Happy Valentine’s Day.


Tanya says:

I have a confession to make:

I secretly have always disliked Valentine’s Day!

Let me explain: I do not dislike Valentine’s Day in the usual way people do, out of some misplaced unhappiness about being single. Even when single, I have never felt that Valentine’s Day brings into sharp focus my unhappiness or my desire for a relationship. I never felt jealous or spiteful of all the happy couples. I was always happy for them – like a cheerleader for love!

I dislike Valentine’s Day because it encourages this notion that you need a special occasion to do something thoughtful for your loved one.

I accept my Rae’s point in relation to the natural procrastination that will stem from a lack of any structured deadline. I understand that doing something nice ‘just because’ can often be seen as not necessary, and, therefore, it get relegated to the ‘list of things I will do as soon as I have some free time’, which, of course, means it will always get done ‘tomorrow’ and never today.

But then cue Valentine’s Day – flowers and chocolates are bought, and all the complacency of the past 12 months is suddenly forgiven and forgotten.

Not only that, but, often, the gestures that do come out at Valentine’s Day are forced by the pressure that surrounds the day.

I prefer to deal with Valentine’s Day by expecting nothing, and being pleasantly surprised if I do get something nice from someone I’m seeing. That way, there’s no pressure, and I feel any gift is motivated out of genuine feeling, rather than fear of upsetting me if no acknowledgement is made.

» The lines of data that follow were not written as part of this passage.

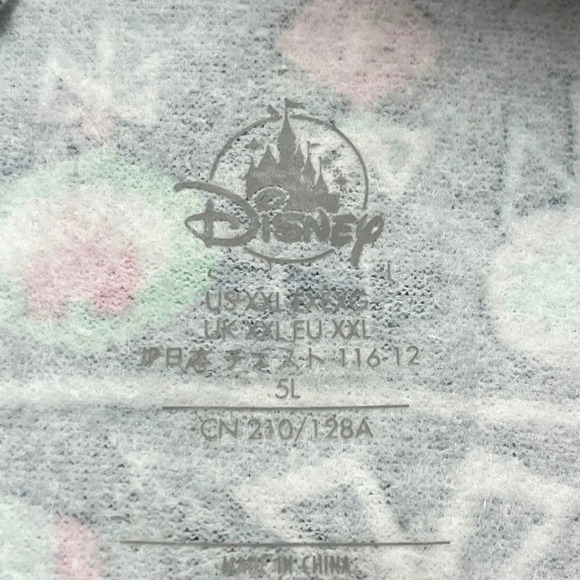 Disney Mickey Mouse Christmas Pajama Jumpsuit Footless Onesie Hooded Ears XXL - Picture 11 of 11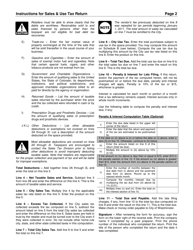 Sales Use Tax Return - City of Westminster, Colorado, Page 3
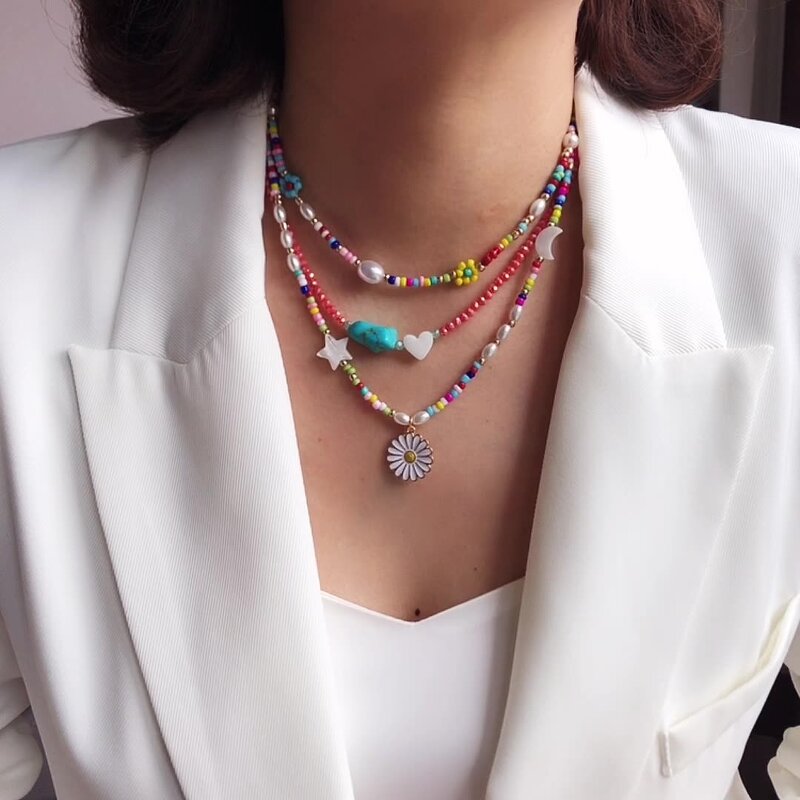 Multilayer Choker Necklace - Manufacturer with Boho Style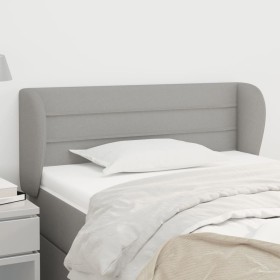 Light gray fabric headboard 93x23x78/88 cm by vidaXL, Headboards and footboards - Ref: Foro24-3117266, Price: 51,58 €, Discou...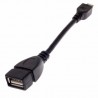 Adaptador OTG USB Fêmea para Mini USB Macho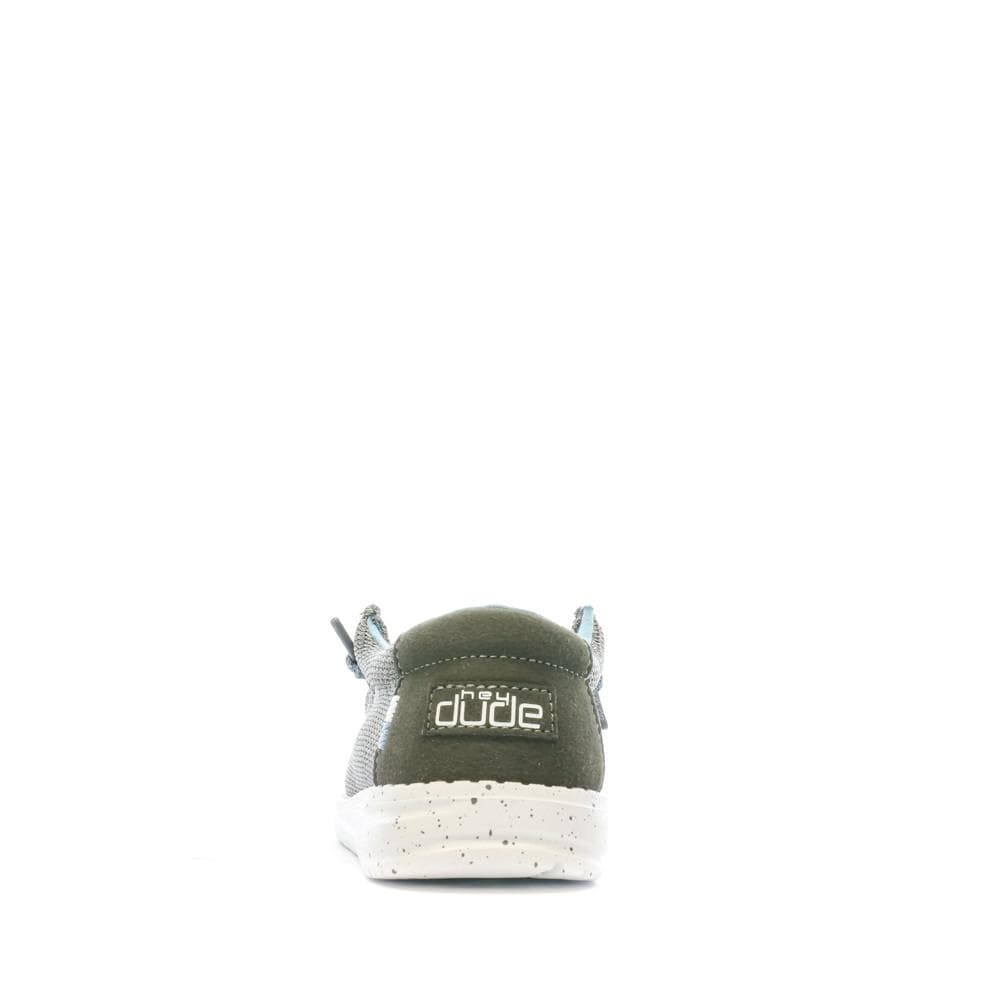Chaussures Grise/Bleu Garçon Hey Dude Wally Youth 3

That is what happened this year, and yes I am still smiling about having been surprised with a Valentine. But my point is it wouldn’t have been the same if I had made a big deal about Valentine’s Day and made him feel like he was obligated to do something. I don’t want presents out of obligation, because, for me, it’s not about the present, it truly is about the thought.

And I, for one, do not want that thought to be ‘shit I better get her something or I will be sleeping outside with the dog…’


2 Comments leave one →
  1. February 17, 2011 6:51 pm

    Great posts! I agree: to those who see the triteness and kitsch factor of St. Valentine’s day, it’s hard to not be cynical. But we’re mostly selfish and doing something that symbolizes our love for someone inevitably weans in proportion to how we feel and think about that person. It’s just a reality, and I feel sorry for couples who buy chocolates and flowers for one another once a year. That being said, if that makes them glad on that day, akin to expecting and receiving gifts on Jesus’ celebrated birthday, why not preserve that illusion? Culture, after all, is fabricated, giving us motive to be blasé, and but we all carry our own illusions, be it towards St. Valentine`s Day or Nuit Blanche or saving kids in South Africa (haha!).

    When I read your post, it reminded me of a manifesto. Like a love manifesto. Love your passions if you can’t love someone right now. Touché!